You begin at ‘Day 1’. Where you learn the mechanics of the game; how to hire, fire and assign your police officers to respond to various crimes in progress, ranging anywhere from a woman chasing a naked man with a knife to homicides and fully fledged race riots.
When offenders (thankfully not that naked man) are caught and no one has been hurt in the progress, the Mayor of Freeburg (who cares more about his image than the city) is happy, your officers gain development points, and the mayor may grant you a few simple requests such as some new staff or that raise you have been angling for.
However, if you make the wrong choice or your officers fail to catch the perp, or even accidentally shoot an innocent bystander (yes it happens), the Mayor becomes very upset, very quickly. Leading to a denial in your request for a salary raise, blocking the hiring of more employees, denying the purchase of better police equipment, or worse, cutting your department’s budget altogether (which means bye-bye employees).
The main screen is a map of the city, displaying where each crime is located, with a blurb of information to rate the seriousness of the crime. Based on this you must decide which, and how many officers to attend and if you need to send in a SWAT team as backup. As the calls start to escalate you will need to efficiently manage your time and resources to make sure it can all be dealt with effectively, which is a hard to do when the Mayor is keeping a close eye on everything you do.

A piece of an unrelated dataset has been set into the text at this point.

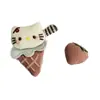 Procesamiento Personalizado - Broche de Gato con Cono de Helado de Dibujos Animados Relleno de Algodón, Broche para Bolso, Pasador, Ropa, Sombreros, Zapatos, Calcetines, Accesorios y Materiales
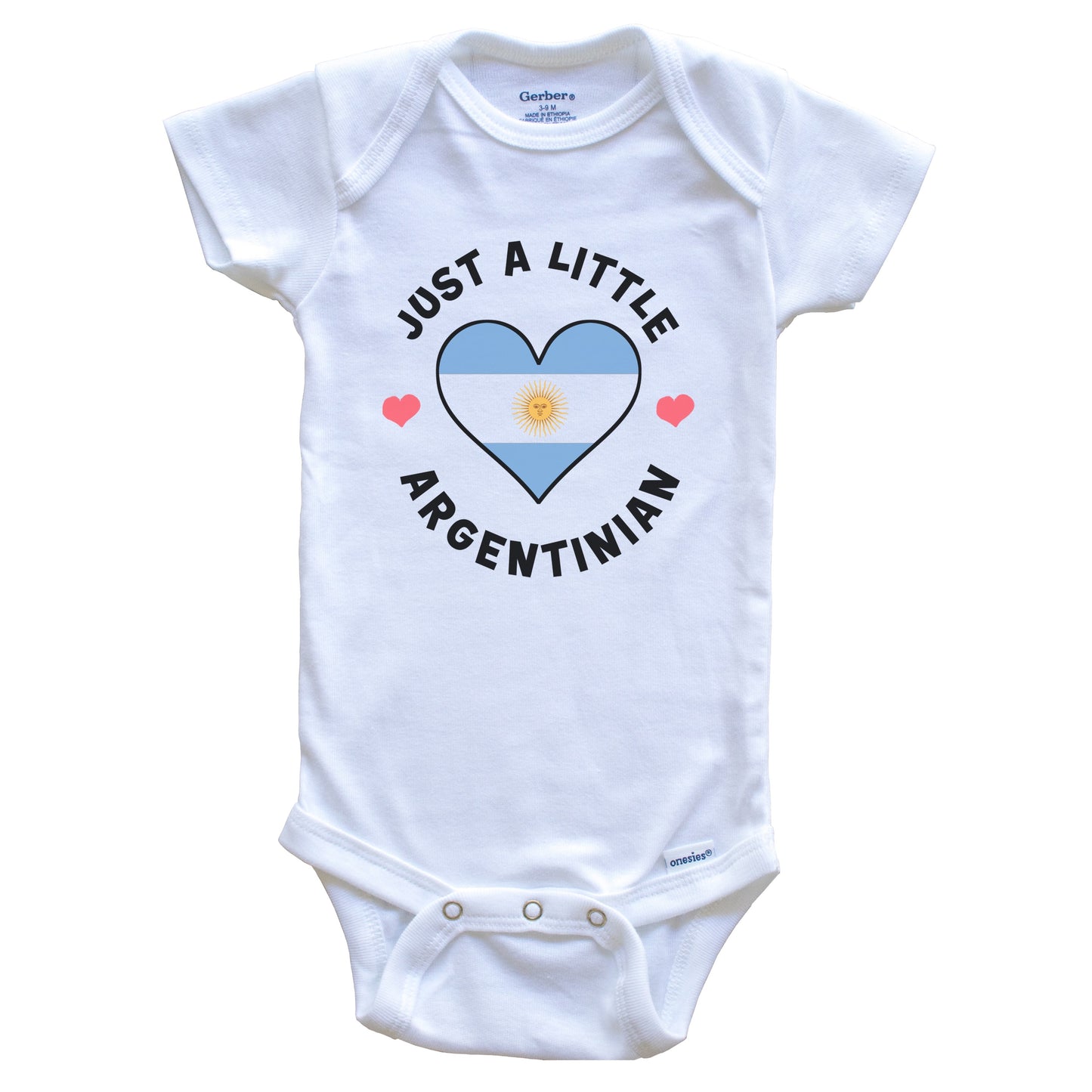 Argentinian Flag Heart Just A Little Argentinian Argentina Baby Bodysuit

For the bigger crimes such as homicide or gang related cases you will send out your detectives to investigate and interview witnesses. Each investigation presents you with a number of frames (clues) that you piece together to show a sequence of events that eventually solves the crime. You are not given all the frames at once and have to wait (sometimes a while, a long while) for the detectives to uncover more evidence to find more frames to piece the crime together.
Just solving crimes doesn’t keep the Mayor out of your hair, as he is constantly requesting ‘favours’ from you, ranging from the simple (and often very silly) request to send two officers to sing to his assistant’s wife, to more controversial favours (with a lot of shock value) such as firing all of your black employees. If you don’t do what the mayor says you will eventually find yourself about to resign without a comfortable retirement fund to fall back on. So what can you do? Do you keep your morals and remain poor or find a way to sell out to the highest bidder? And that is where the mafia comes in.
Graphics & Audio
Jon St. John (we remember him from Duke Nukem) is the main voice actor and does a good job at narrating the game in his deep, sliky voice. In fact all the voice actors deliver their lines really well, unfortunately just not well enough with each other. I found the dialogue between the characters often long and badly edited, providing no real fluidity to the conversations. Another issue was the lack of background noise, where besides the odd siren and incoming police radio call, you pretty much sat there playing the game in silence.
The graphics on the other hand are great. The developers chose to go in a very minimalistic and static direction that adds a unique charm to the game. The cut scenes provide you with a comic book feel as they are laid out in panels with caption boxes beneath them to provide the dialogue. Some scenes were a bit too long to sit through but there was always the option to skip them if you really wanted to.
Final Thoughts?
This game reached its peak (for me) about half way through when it started to become a little too repetitive and tedious. The decisions you make do shape the story (initially) but only to an extent as you are basically forced into becoming a corrupted cop anyway. Instead of it being ‘choice driven’, I found this game to be more about skills management and balancing resources (no matter how corrupted you are) to make sure all parties you interact with are happy. The controversial content (racism, sexism etc.) may be a bit hard to swallow but it certainly adds to the story of police corruption and gives the game a different edge. I would say it is good value for money for the crime buffs among us, but not a must play title.